Men Understand: The Hidden Reasons We Feel What We Feel And Do What We Do

Part 2

In Part 1, we began our exploration of the hidden reasons why men feel what we feel and do what we do. We explored the world of evolutionary science and what it can teach us about men and women. While we may think about biological differences between men and women, biology is not fate. Our genetic essence is also not fixed. Although men can have an XY pair of chromosomes and women can have an XX pair in every cell in our body, that doesn’t mean the differences are fixed. Indeed, the new science of epigenetics shows how fluid our sexuality can be.

We will continue our exploration with an open mind and an open heart as we uncover the secrets of sex and who we are as men and women.

  • History and Herstory: The Development of the Family.

Cross-cultural studies show that, in the course of evolution, children must be assured of two types of care: (1) the provision of physical security and (2) the provision of emotional security. While roles can be flexible, traditionally men provide the former and women the latter. Dr. David Gutmann, Professor of Psychiatry and Education at Northwestern University offers these evolutionary insights into the division of labor:

“In terms of the species, there is always an oversupply of males that are not needed for the reproductive success of the species, as one man can inseminate many females, but women can only father one child on average every two years during their relative time for a short period of time Fertility.

“The more expendable males, armed with large muscles and a greater supply of intrinsic aggression, are generally destined to hunt big game and protect themselves from human and non-human predators, or to raid other communities for their wealth.”

“The other way round,” says Gutmann,

“The gender on which the population ultimately depends is less dispensable. The sex that has breasts, softer skin, milder nature, the sex that the baby forms in its own flesh, is generally assigned to safe areas to provide the formative experiences that give the children emotional security. “

  • People evolve and roles change, but the species’ success depends on raising healthy children.

Dr. Gutmann does not say that all women have to stay at home and all men have to go out and “bring the bacon home”. He says someone has to be responsible for meeting children’s needs for physical and emotional security. The division of labor has never been rigid. Fathers have always given children a lot of emotional support, and mothers have always offered a lot of protection.

The findings of evolutionary science lead me to the following conclusions:

  1. Humans are adapted to a way of life that has worked well for over 99% of human history.
  2. As long as we are giving birth to babies, we must raise them well.
  3. Children need fully gender-specific fathers and mothers, not genderless parents.
  4. Elders are needed to help parents.
  5. Men and women do not have to live in a world in which the battle of the sexes determines our lives, but in a world in which differences are valued and supported.
  6. The way home is not to deny our differences or make us believe that men and women come from different planets, but rather to create a world where differences can be appreciated and where gender equality and real partnership become our leitmotif.
  • The least appreciated fact about men can be the most important.
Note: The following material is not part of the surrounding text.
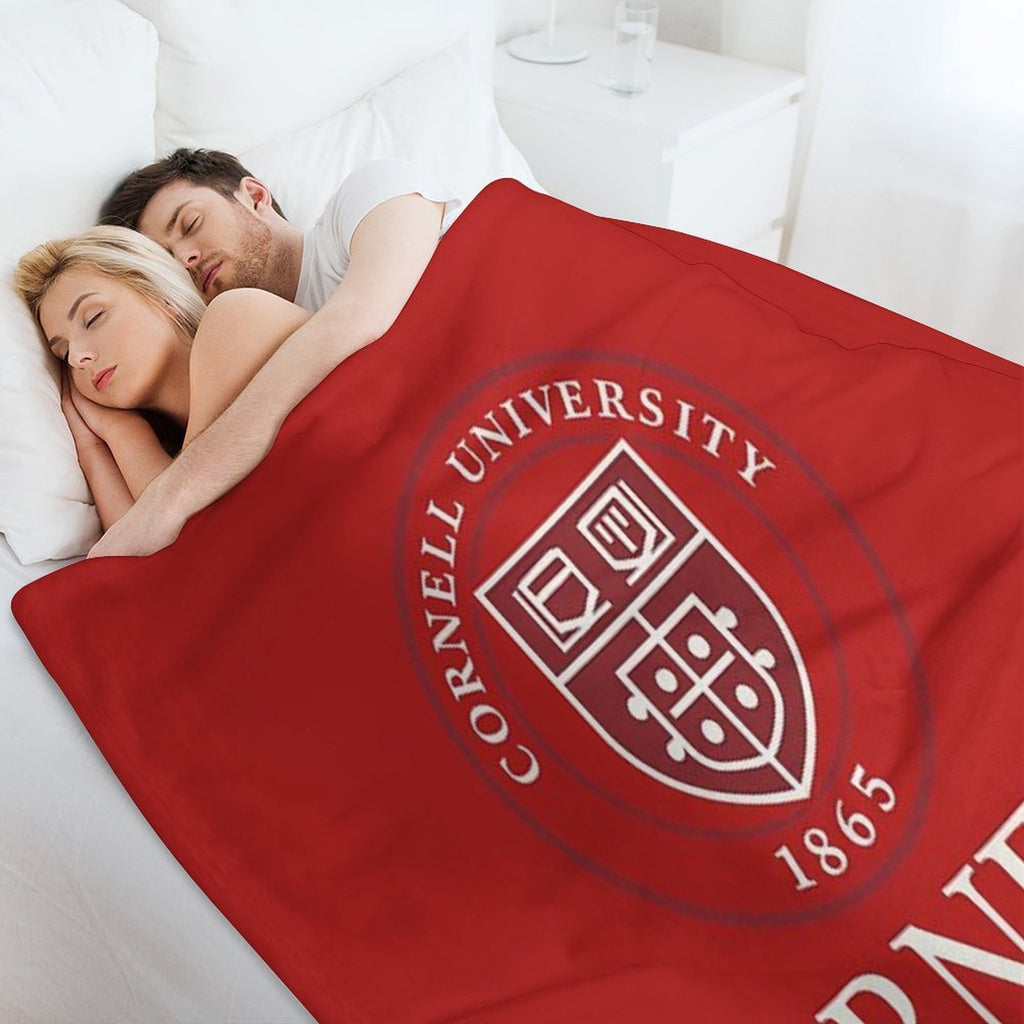 Cornell University T-Shirt Featuring Official Big Red Logo Velvety-soft Throw Blanket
Think back to our male ancestors in the animal kingdom who fought each other for access to females. Think about the sperm that are competing for the precious egg. In the scheme of things, women are more valuable and men are more dispensable. In his book Is There Anything Good About Men? the social scientist Roy F. Baumeister describes things like this:

“Of all humans who ever reached adulthood, maybe 80% of women reproduced, but only 40% of men.” He continues, “This is an amazing difference. Of all humans ever born, most women became mothers, but most men did not become fathers. You wouldn’t notice that if you were walking through an American suburb with your well-groomed couple today. ”

But it’s an important fact in all of our male history. “I consider it the most underrated fact of the differences between men and women,” says Baumeister.

The reality is that over the course of human history, some men have had more sexual partners. In fact, some had many partners and some had none at all. Some women would choose to be the second wife of a successful man than the first wife of an unsuccessful one. Then as now, alpha males had more sex. But alphas also had to compete to stay at the top.

All men are afraid of being passed over by women. They fear that they will not be selected and that they will not be able to pass on their genes in the genetic lottery of life. Many men experience profound insecurity and resentment towards women because they have the power to reject them. This resentment can turn into violent anger in some men. See my article, “What we need to know about the kind of man and the kind of men who kill women.” And most men are unaware of their addiction to women and the anger that comes with it.

Even successful men today always try to have “more”. More money, more resources, more women. If men seem to be more preoccupied with sex than women, it is because men are more insecure and always worried that another man will take his wife.

Most women who want sex can find a willing partner. Most men have to work for this. Although all people are different, most men feel more insecure about finding a sex partner than most women. Understanding this imbalance can help us understand men and deal with male anger more effectively.

In Part 3 we continue our exploration. The more we learn about who we are, the more we can accept ourselves and each other. People who feel confident can be more authentic in their relationships. I describe my own relationship journey in my book The Enlightened Marriage: The 5 Transformative Stages of Relationships and Why the Best is Still to Come.